The issue of deep discounting alleged by the Informant needs to be assessed in the context of exclusive agreement discussed in the foregoing paragraphs. The Informant has furnished emails inter-alia dated 31.03.2019, 20.09.2019 whereby communications were allegedly sent by Flipkart and Amazon to their sellers for incurring a part of the discounts offered during the big sale events like the Big Billion Days (BBD) of Flipkart and the Great Indian Festival of Amazon. At the same time, it is alleged that preferred sellers at Amazon and Flipkart are in some way or the other connected to Amazon and Flipkart, respectively, through common investors, directors, shareholders etc. Relying on these, it has been alleged that these preferred sellers are extension of these marketplaces, operating through different ‘proxy’ entities blessed with the support of these marketplaces. The Commission perused the prices for different smartphone brands sold through Flipkart and Amazon, i.e. original price and discounted price. It was observed that certain smartphone brands/models are available at significantly discounted price on these platforms and are sold largely through the sellers identified, by the Informant, as the platforms’ ‘preferred sellers’. Whether funding of discounts is an element of the exclusive tie-ups is a matter that merits investigation.

The issue of preferential listing should also be viewed in conjunction with the foregoing.
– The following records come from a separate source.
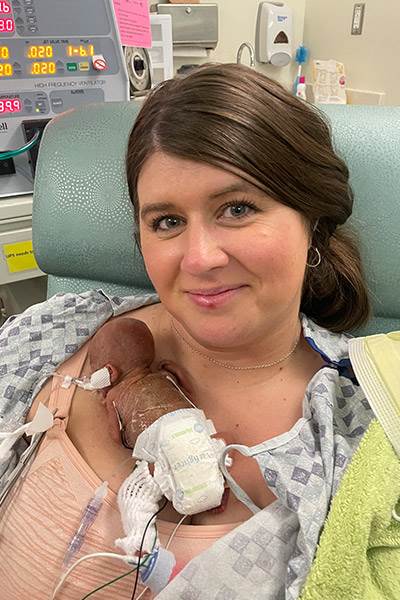 Najranije rođena beba na svijetu - 283 grama u 21. tjednu trudnoće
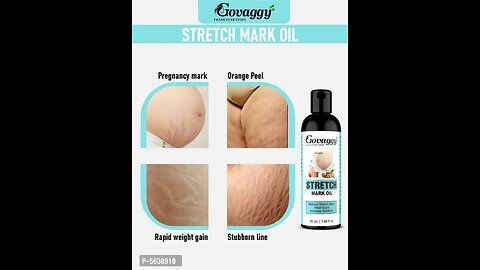 Body stretch marks problem solving product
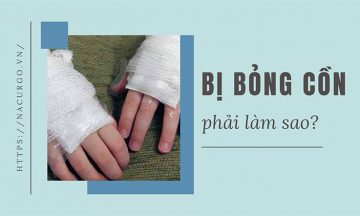 Bị bỏng cồn phải làm sao?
Competition on the platforms may get influenced in favour of the exclusive brands and sellers, through higher discounts and preferential listing. Thus, the allegations are interconnected, and warrant a holistic investigation to examine how the vertical agreements operate, what are the key provisions of such agreements and what effects do they have on competition. Given that both the major platforms are stated to follow the same mechanics in terms of their exclusive tie ups and preferential terms with brands/sellers, competition between the platforms prima facie does not play a role in mitigating the potential adverse effect on competition on the platforms.

Thus, the Commission observes that the exclusive arrangements between smartphone/mobile phone brands and e-commerce platform/select sellers selling exclusively on either of the platforms, as demonstrated in the information, coupled with the allegation of linkages between these preferred sellers and OPs alleged by the Informant merits an investigation. It needs to be investigated whether the alleged exclusive arrangements, deep-discounting and preferential listing by the OPs are being used as an exclusionary tactic to foreclose competition and are resulting in an appreciable adverse effect on competition contravening the provisions of Section 3 (1) read with Section 3(4) of the Act.

 In view of the foregoing, the Commission is of the opinion that there exists a prima facie case which requires an investigation by the Director General (‘DG’), to determine whether the conduct of the OPs have resulted in contravention of the provisions of Section 3(1) of the Act read with Section 3(4) thereof, as detailed in this order.

Accordingly, the Commission directs the DG to cause an investigation to be made into the matter under the provisions of Section 26(1) of the Act. The Commission also directs the DG to complete the investigation and submit the investigation report within a period of 60 days from the receipt of this order.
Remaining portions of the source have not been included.